また同時に読書のスピードが速いことが必ずしもいいこととも言えません。
特に小説などは、ストーリーよりも心象風景の描写を楽しませてくれる本もあるのですから、1行ずつ味わいながら読みたくなるものです。登場人物の心模様を想像して読んでいれば、当然読書スピードは遅くなります。
しかし、本を読むのが遅いことで困ってる方もいるようなので、その原因と速く読めるようになるコツを紹介します。
本を読むのが遅い人の特徴は2つ|遅いことのメリットもある
そもそも、本の読み方には、速く読む速読から、黙読・音読・朗読・精読・熟読・耽読など、じっくりと読んでいく熟読まで、いろいろな読み方があります。
それぞれ、読み込むスピードも理解度の深さも違います。
本を読むのが遅い人の特徴は2つ
本を読むのが遅いという人の特徴は2つあります。それは、音読(脳内音読)と戻り読みです。
黙読しているようでいて実は脳内で音読してる
一つ目の特徴は、口で発生する音読をしているのではなく、脳内音読をしているということです。
脳内音読で読んでしまう人は、子供の頃に教わった音読の癖が残っていて、口に出さないで脳内で音読のクセのままで発音しながら読んでいるだけなのです。
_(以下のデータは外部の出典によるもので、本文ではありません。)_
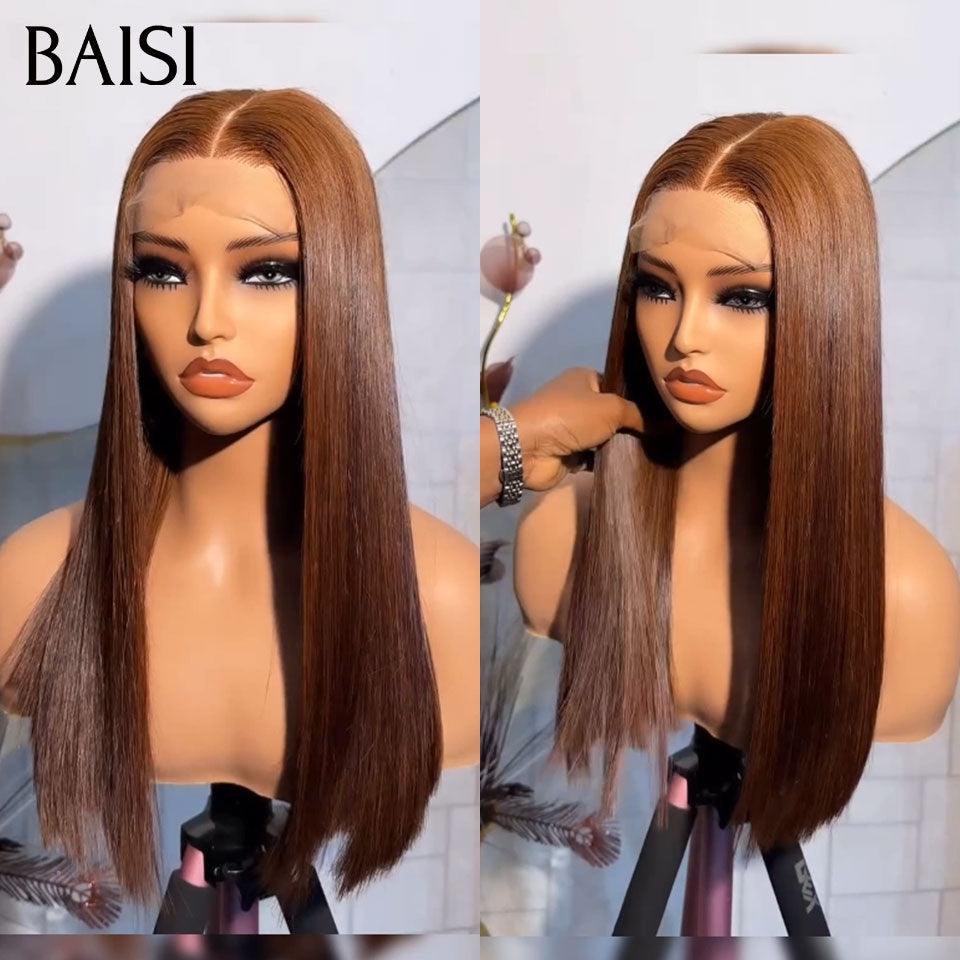 BAISI Parrucca Riccia Deep Wave con Frangia 12 Pollici Colore 4#mix27# In 100% Capelli Veri Umani 106€ o 2X6 Liscia Marrone 16P 169€ Codice : BS120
本を読むのが遅い人は、脳内で、聞こえないはずの自分の音読の声が聞こえてるはずです。さらに、脳内では単なる音読ではなく熟読までしている可能性があります。
熟読とは、内容をよく読み取って、十分に読み味わう、という意味です。まさに深く読むという読み方です。
戻り読みのせいで読むのが遅い
本を読むのが遅い人の特徴の2つ目が戻り読みです。
黙読で、1つの行の文章を目で追うときに、文章の最後か途中まで進んだときに、一旦読み終えたはずの部分へ視点が戻って読んでいることがあります。これが戻り読み(返り読み)です。多くの方が自覚していると思います。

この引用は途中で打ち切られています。